On Mar 24, 2011, at 1:02 PM, Les Mikesell wrote:
On 3/24/2011 11:54 AM, Jeff Sheltren wrote:
On Thu, Mar 24, 2011 at 9:50 AM, Les Mikeselllesmikesell@gmail.com wrote:
On 3/24/2011 10:44 AM, Jeff Johnson wrote:
I never quite understood why that wasn't designed in from the start.
Because the yellowdog updater-modified developers didn't have that lofty of a goal in mind from the start?
I think it was the opposite - that they had the lofty goal of having all repositories coordinated even though that is clearly impossible unless you can dictate a jailed iphone-like world.
There weren't really "external" repositories when yum came out. I won't speak for Seth, but in my opinion, the goal of yum was "help end RPM dep hell". And thankfully it did (combined with lots of packaging improvements in rh/fedora, etc.).
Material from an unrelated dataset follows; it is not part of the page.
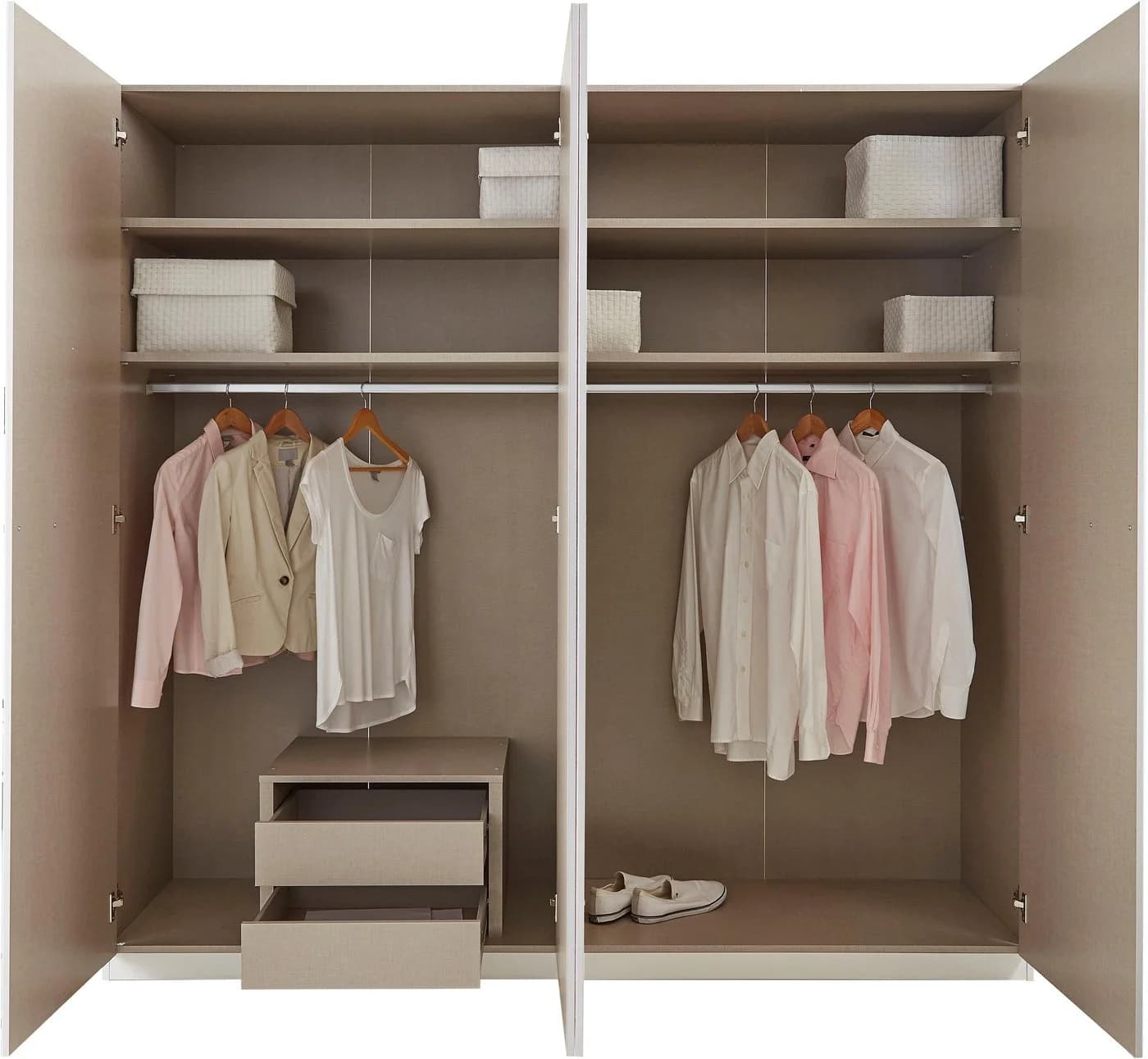 Rauch Borba Drehtürenschrank Weiß mit Spiegeln - Bild 3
Really? I thought freshrpms was around (and wonderful) back when you had to use some apt derivative to use it.
Yum was deployed around the same time as "repositories" were invented. Dag et al are perhaps the oldest (and imho most useful) "repositories" around.
The flaw with "repositories" is that its pretty easy to devise a split at the 1st level of "add-on". The next level of "add-on" to "add-on" is usually a disaster because of duplication and lack of coordination.
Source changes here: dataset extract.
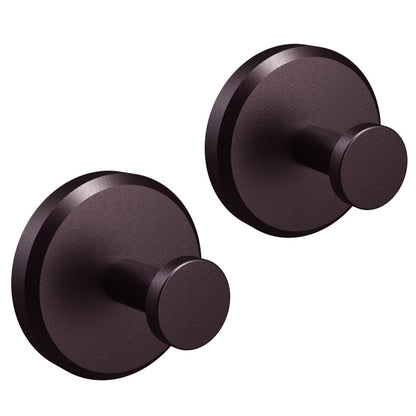HOME SO Suction Cup Hooks for Shower & Bathroom Towel Holder 2-Pack Black | Waterproof Rustproof Organizer Hook Hanging Loofah Robe Coat Bath Accessories on Tile Glass Door Mirror + Optional 3M Disc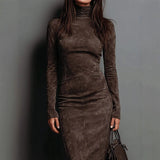 Turtleneck Long-sleeved Dress Fashion Sexy Slim-fitting Bodycon Long Dresses Women's Clothing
One can assign a preference mechanism like "repository priority" which looks attractive on paper: One can then tell (when faced with otherwise identical choices in a depsolver) which package to install by "priority".
But priority in the "real world" of multiple repositories is too arbitrary and not based on intrinsic details like dependency closure and difficult to administer reliably: Who *exactly* chooses the priority? What criteria are the basis?
And freshrpms was wonderful and Matthias is truly a gentleman, his involvement is missed. But everyone moves on to other interests than Linux eventually.